:: Directions for this task ::
Each line in the material below, starting at the one with "And if you ever" and ending at the one with "Chromebook keyboard navigation.", is to be reproduced exactly; no picture is to be copied.

-- Entries supplied follows --

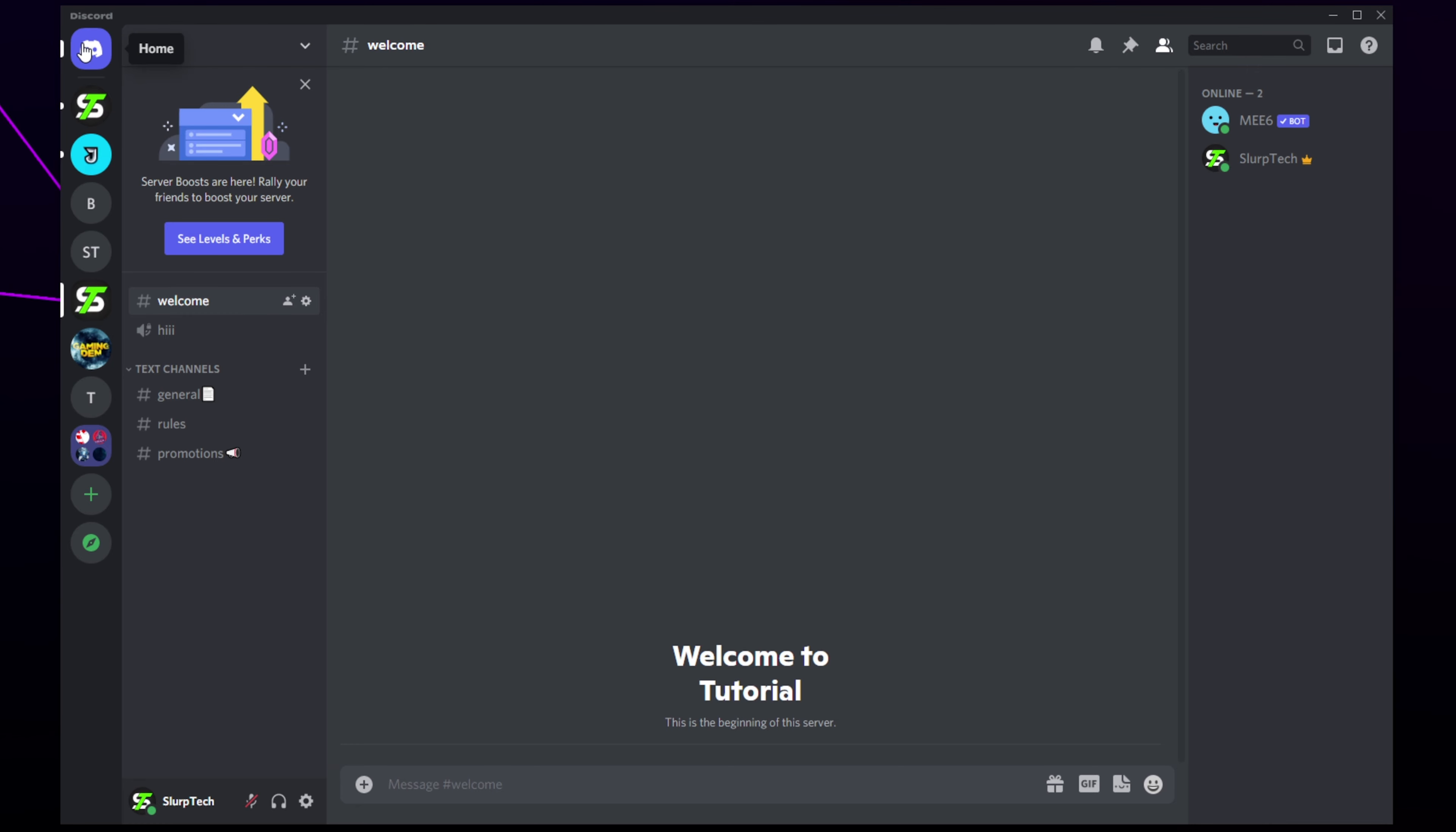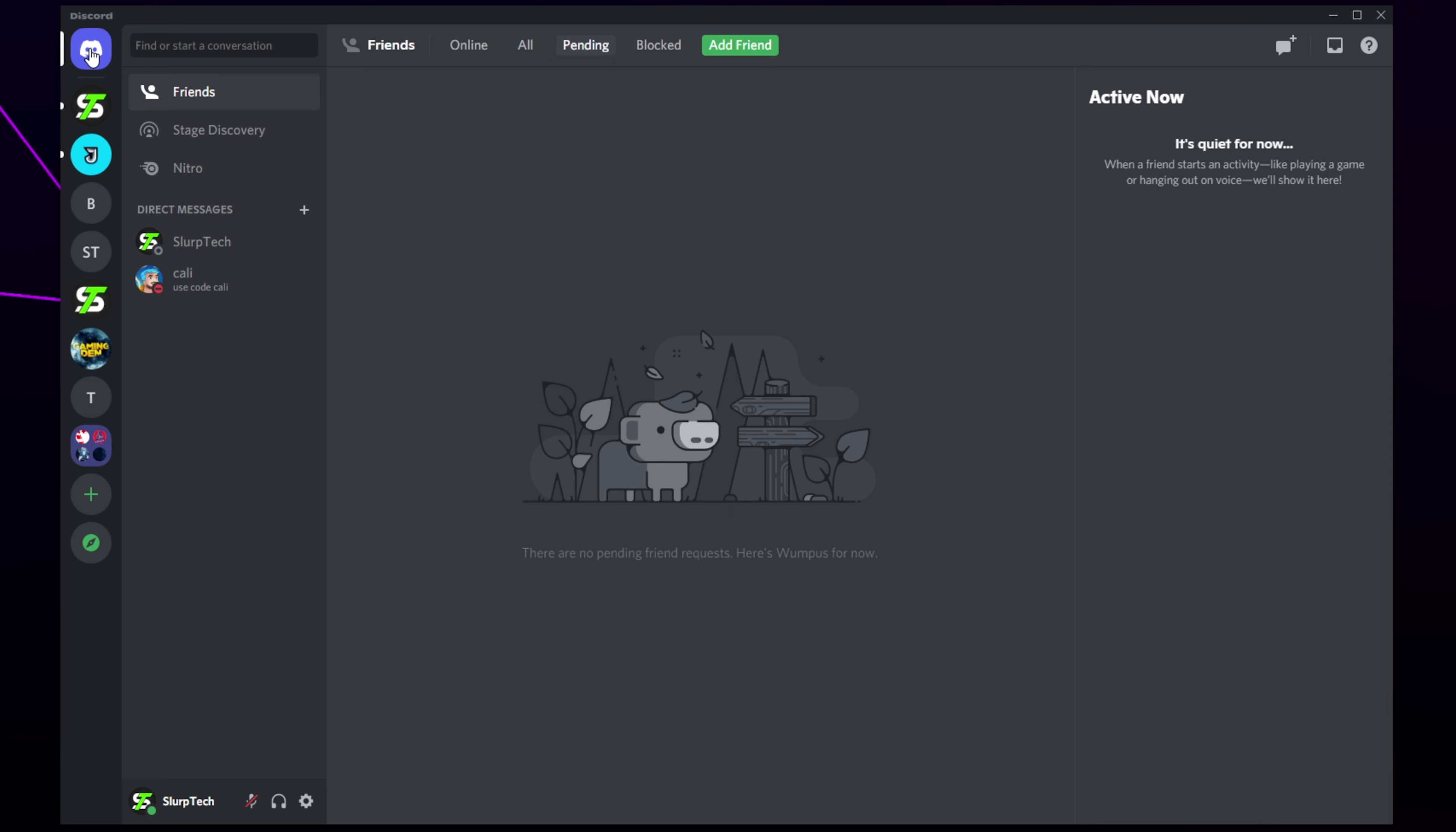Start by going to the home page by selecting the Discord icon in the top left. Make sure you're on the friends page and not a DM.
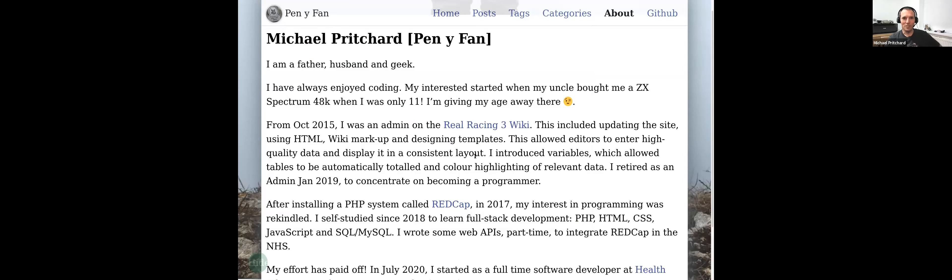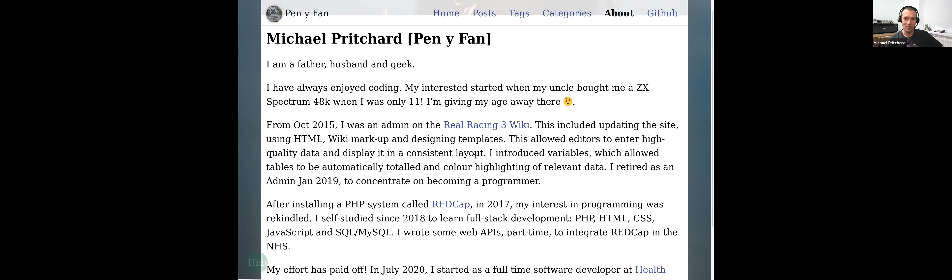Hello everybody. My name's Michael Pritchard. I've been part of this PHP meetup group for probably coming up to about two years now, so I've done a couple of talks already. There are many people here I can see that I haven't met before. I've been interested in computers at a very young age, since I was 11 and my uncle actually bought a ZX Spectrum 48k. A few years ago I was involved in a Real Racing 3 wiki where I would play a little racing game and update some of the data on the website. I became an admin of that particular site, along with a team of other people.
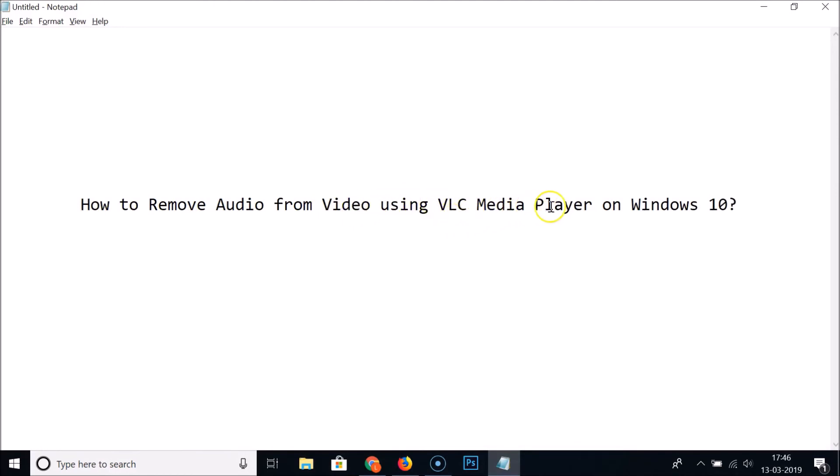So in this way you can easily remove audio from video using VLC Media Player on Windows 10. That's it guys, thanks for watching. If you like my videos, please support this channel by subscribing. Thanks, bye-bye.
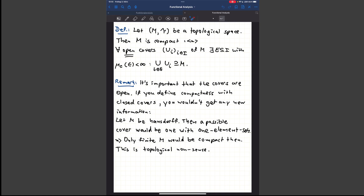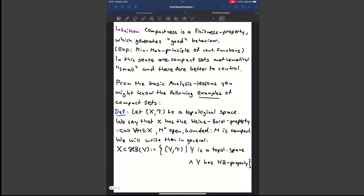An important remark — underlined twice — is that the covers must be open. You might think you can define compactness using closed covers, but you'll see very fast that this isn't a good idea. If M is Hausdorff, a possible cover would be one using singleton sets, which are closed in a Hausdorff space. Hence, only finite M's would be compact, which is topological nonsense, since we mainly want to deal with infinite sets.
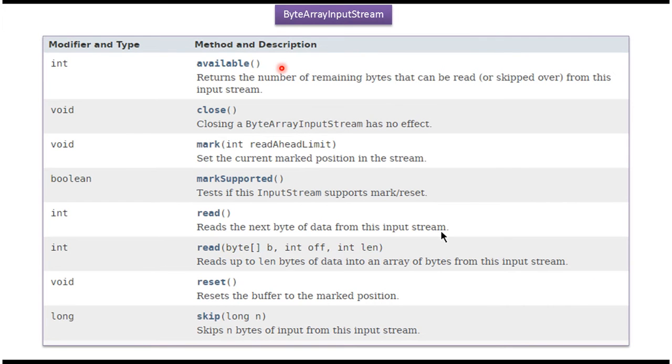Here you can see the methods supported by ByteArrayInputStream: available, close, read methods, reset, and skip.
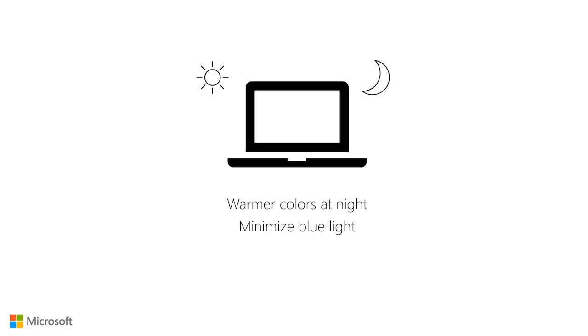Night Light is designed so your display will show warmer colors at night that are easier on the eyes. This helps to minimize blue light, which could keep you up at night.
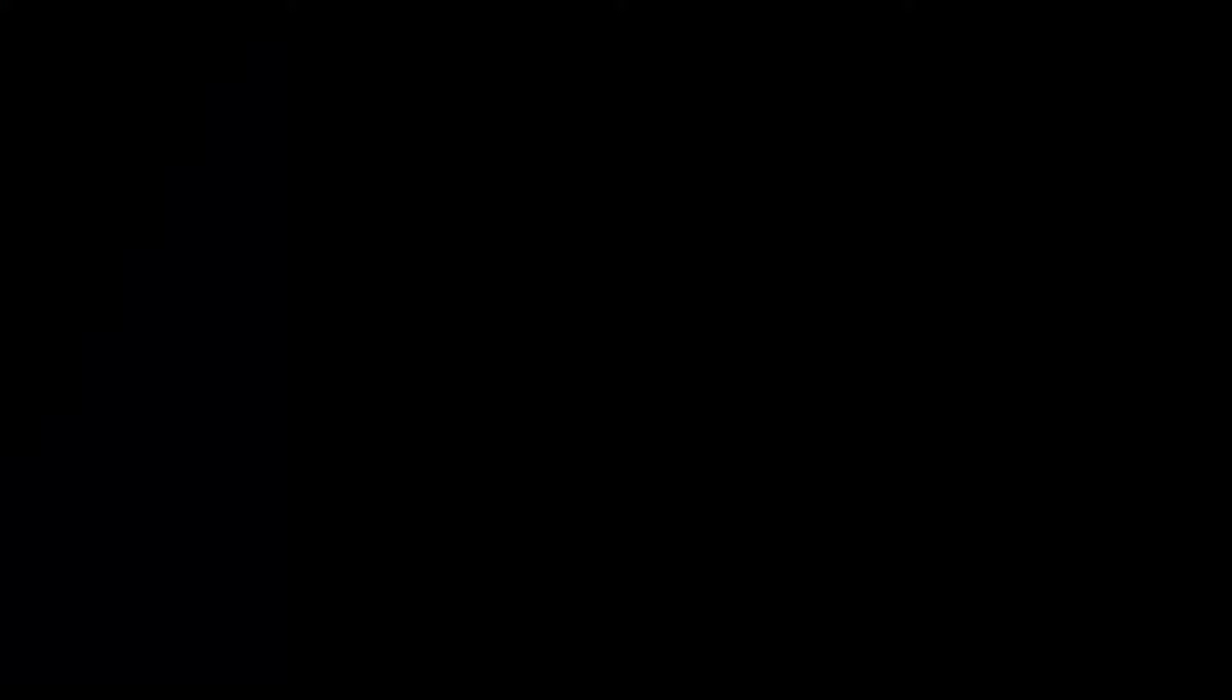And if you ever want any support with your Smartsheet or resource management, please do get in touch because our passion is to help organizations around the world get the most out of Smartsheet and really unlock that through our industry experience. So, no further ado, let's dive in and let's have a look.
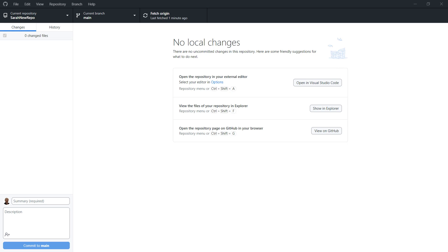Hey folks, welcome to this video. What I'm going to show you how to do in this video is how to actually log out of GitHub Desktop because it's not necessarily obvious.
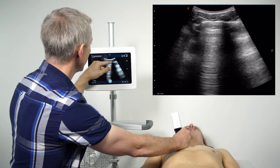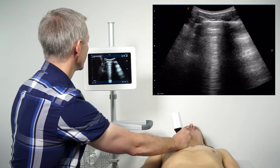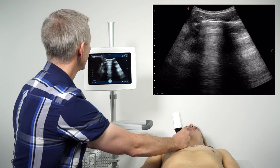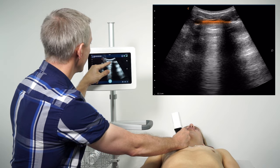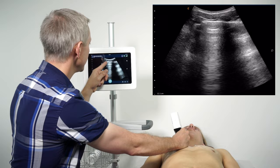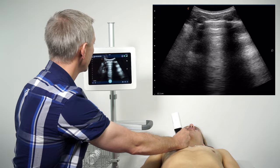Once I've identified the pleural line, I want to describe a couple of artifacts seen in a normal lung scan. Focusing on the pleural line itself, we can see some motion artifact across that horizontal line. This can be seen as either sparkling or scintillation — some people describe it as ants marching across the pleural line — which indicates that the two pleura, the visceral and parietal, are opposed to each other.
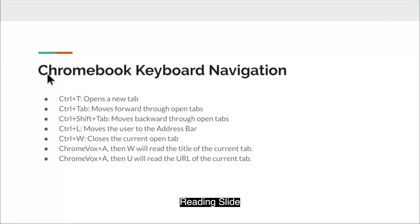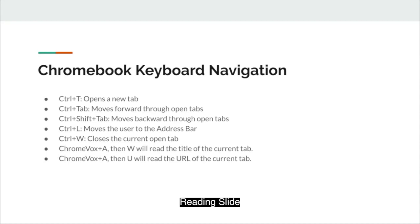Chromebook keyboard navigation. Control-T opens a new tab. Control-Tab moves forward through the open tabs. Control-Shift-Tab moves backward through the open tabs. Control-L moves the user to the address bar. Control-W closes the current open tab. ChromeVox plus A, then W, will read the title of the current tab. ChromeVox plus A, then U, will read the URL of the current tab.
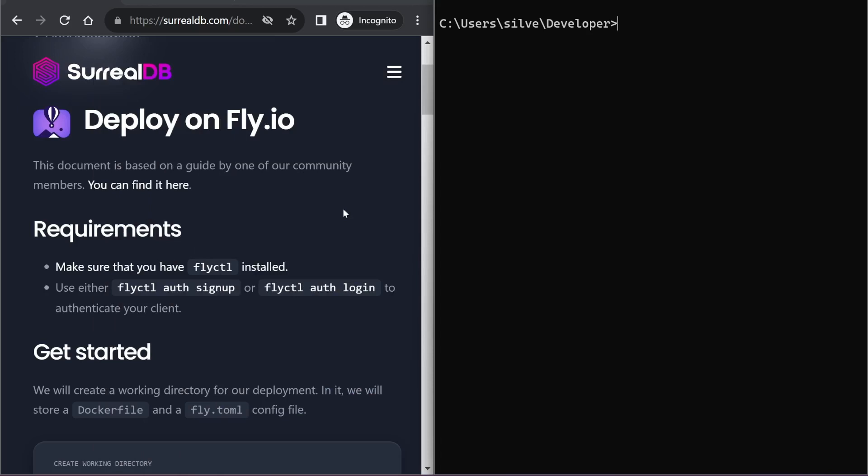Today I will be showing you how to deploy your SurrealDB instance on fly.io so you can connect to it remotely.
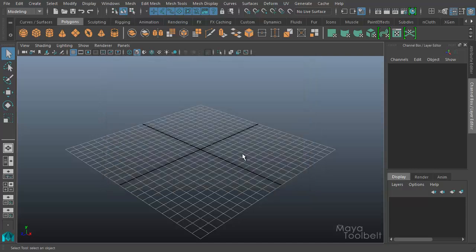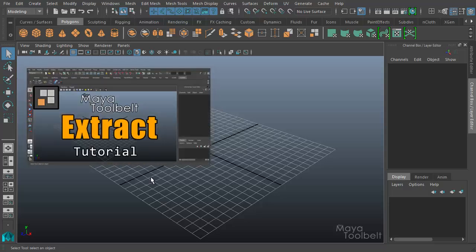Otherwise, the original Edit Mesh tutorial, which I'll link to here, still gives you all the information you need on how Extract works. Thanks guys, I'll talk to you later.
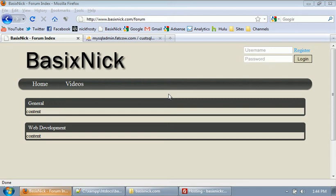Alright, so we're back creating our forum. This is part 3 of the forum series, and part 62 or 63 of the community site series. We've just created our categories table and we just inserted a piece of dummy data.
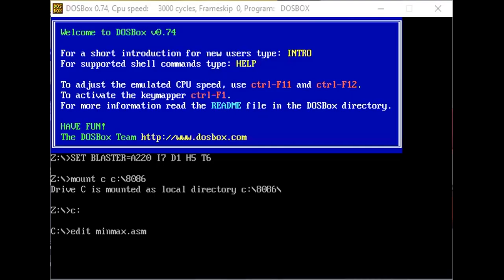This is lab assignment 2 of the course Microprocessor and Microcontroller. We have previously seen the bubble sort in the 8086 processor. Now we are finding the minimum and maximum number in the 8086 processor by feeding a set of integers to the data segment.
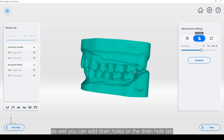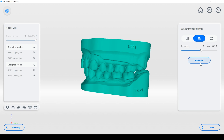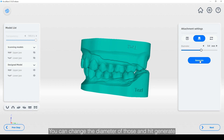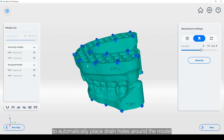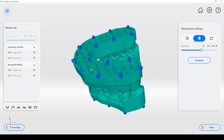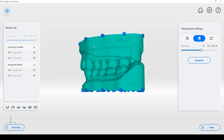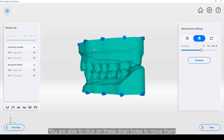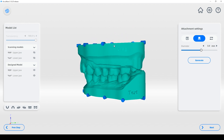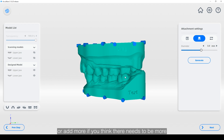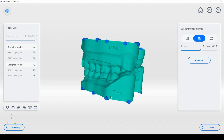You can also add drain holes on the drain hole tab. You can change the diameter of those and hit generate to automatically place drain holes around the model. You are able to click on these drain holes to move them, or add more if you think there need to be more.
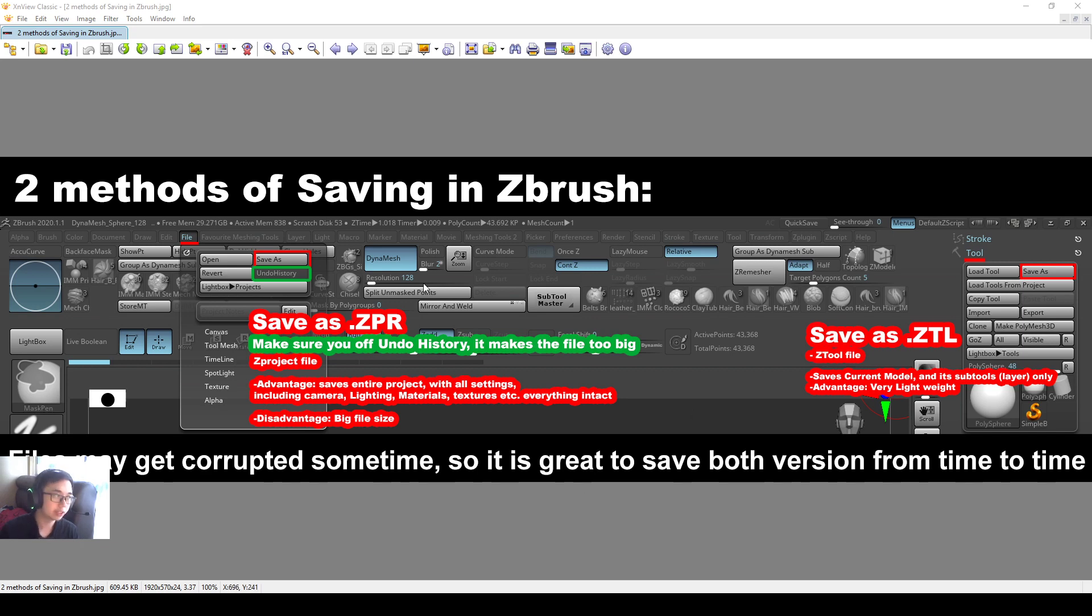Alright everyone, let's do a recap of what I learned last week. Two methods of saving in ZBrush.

-- Entries supplied concluded --

:: Answer space ::
And if you ever want any support with your Smartsheet or resource management, please do get in touch because our passion is to help organizations around the world get the most out of Smartsheet and really unlock that through our industry experience. So, no further ado, let's dive in and let's have a look.
Hey folks, welcome to this video. What I'm going to show you how to do in this video is how to actually log out of GitHub Desktop because it's not necessarily obvious.
Once I've identified the pleural line, I want to describe a couple of artifacts seen in a normal lung scan. Focusing on the pleural line itself, we can see some motion artifact across that horizontal line. This can be seen as either sparkling or scintillation — some people describe it as ants marching across the pleural line — which indicates that the two pleura, the visceral and parietal, are opposed to each other.
Chromebook keyboard navigation. Control-T opens a new tab. Control-Tab moves forward through the open tabs. Control-Shift-Tab moves backward through the open tabs. Control-L moves the user to the address bar. Control-W closes the current open tab. ChromeVox plus A, then W, will read the title of the current tab. ChromeVox plus A, then U, will read the URL of the current tab.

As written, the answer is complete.